Chavez finally reveals the truth, and it’s horrifying. On September 11th, Chavez saw a group of boys swimming in their underwear in a canal. It excited him, and he went on the prowl.

“Well, he described that he was, uh, traveling north on the street and, um, he had, uh, seen Jimmy walking home.”

Chavez pulled over in front of Jimmy and pointed Susan’s stolen gun. The 6’3″ man asked the little boy:

“Do you want to die today?”

When Jimmy said, “No,” he shot him. Chavez forced him into the truck and drove to the trailer on the horse farm where he sexually assaulted him. Later that day, Chavez says he heard helicopters overhead. When he looked up, distracted, Jimmy tried to escape. He says that Jimmy ran to the door of the U-camper trailer that was here in this location, and that he basically shot him and caught Jimmy just above his rib cage, uh, on the right side of his back. Chavez held Jimmy as he took his last breath, then stored the body for 3 days in an abandoned van nearby. He later dismembered the body, placed the parts in three plastic 25-gallon planters, and filled them with cement. He killed a few of Susan’s dogs to cover up the smell and stripped the pickup truck of any evidence of his crime.

The FBI confiscates the planters and finds a child’s body inside. Dental records confirm it is Jimmy Rice.

“When you’re removing a—a child who was, you know, kidnapped and raped and murdered and then chopped up and then placed in a cement, uh, container, there’s no training in the world that can prepare you for that. That—that will remain with me for the rest of my life.”

Agents tell the Rices the news they don’t want to hear.

“They sat the family down and they said, ‘Uh, we—we found a child’s remains that’s been identified as your son.'”

Grief-stricken, the Rice family decides to address the public at a press conference.
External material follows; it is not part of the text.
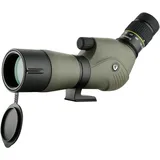 Vanguard Endeavor XF 60A 15-45x60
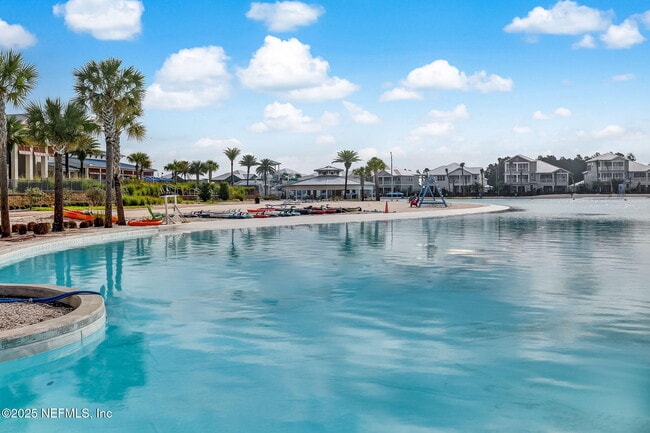 Building Photo - 290 Rum Runner Wy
“We had asked all these people to help all along, and we wanted to thank them, and, uh, to set, uh, the proper tone for how the news should be received and how, uh, it was important to us, said, ‘Jimmy… you know, that that this news go out in a positive fashion for him.'”

When reporters cut off their cameras, many break down in tears.

“Chavez goes to trial in 1998. He recants his confession and pleads innocent. The jury doesn’t believe him and finds Juan Carlos Chavez guilty of kidnapping, sexual battery, and first-degree murder. He is sentenced to death.”

“Juan Carlos Chavez, uh, could have, uh, killed other kids that no one knows about. And if—if he wasn’t caught in this particular case, uh, he would have done the same thing to someone else.”

“We’re going to do what we can to make sure no other child in this country ever has to go through the hell that he did. Whatever it takes.”

Claudine and Don Rice are at President Bill Clinton’s side when he signs an executive order making it legal to post photos of missing children in federal buildings and parks. They also start an organization that trains law enforcement in handling child abductions. But the ordeal takes its toll. In 2009, Claudine Rice dies at the age of 66.

“Claudine died just as much as if he’d shot her in the heart, but she died of a heart attack from grief.”

Don takes solace in knowing that his wife and son are back together.

“It gives me some comfort knowing that they’re side by side, and that, uh, someday I’ll be laid to rest next to him.”